Records drawn from a dataset
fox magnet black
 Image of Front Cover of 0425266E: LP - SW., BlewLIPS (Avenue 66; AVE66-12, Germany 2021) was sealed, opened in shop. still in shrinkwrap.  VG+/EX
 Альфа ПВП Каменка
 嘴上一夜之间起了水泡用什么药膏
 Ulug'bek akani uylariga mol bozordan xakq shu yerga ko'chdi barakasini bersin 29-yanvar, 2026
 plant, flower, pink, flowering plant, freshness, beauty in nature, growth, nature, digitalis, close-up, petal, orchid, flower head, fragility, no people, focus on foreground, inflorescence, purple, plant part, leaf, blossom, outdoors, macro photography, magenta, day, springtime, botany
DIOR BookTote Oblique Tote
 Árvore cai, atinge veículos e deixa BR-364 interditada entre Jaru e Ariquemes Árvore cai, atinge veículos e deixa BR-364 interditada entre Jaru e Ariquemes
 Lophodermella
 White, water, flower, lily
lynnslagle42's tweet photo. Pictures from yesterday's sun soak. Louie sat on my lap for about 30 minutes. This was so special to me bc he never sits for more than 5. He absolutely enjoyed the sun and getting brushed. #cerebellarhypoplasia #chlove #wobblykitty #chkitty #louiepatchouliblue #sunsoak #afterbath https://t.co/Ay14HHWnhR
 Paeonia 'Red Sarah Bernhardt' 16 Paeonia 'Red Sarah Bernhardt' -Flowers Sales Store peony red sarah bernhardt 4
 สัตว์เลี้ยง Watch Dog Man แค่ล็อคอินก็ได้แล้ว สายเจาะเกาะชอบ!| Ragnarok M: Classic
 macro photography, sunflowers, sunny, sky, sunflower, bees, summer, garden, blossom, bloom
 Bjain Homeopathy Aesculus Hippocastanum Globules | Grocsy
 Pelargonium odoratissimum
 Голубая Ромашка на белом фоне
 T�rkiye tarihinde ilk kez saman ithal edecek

*Work item:*
For each line above that includes the word "macro", make a copy of that line.

*Task output:*
 plant, flower, pink, flowering plant, freshness, beauty in nature, growth, nature, digitalis, close-up, petal, orchid, flower head, fragility, no people, focus on foreground, inflorescence, purple, plant part, leaf, blossom, outdoors, macro photography, magenta, day, springtime, botany
 macro photography, sunflowers, sunny, sky, sunflower, bees, summer, garden, blossom, bloom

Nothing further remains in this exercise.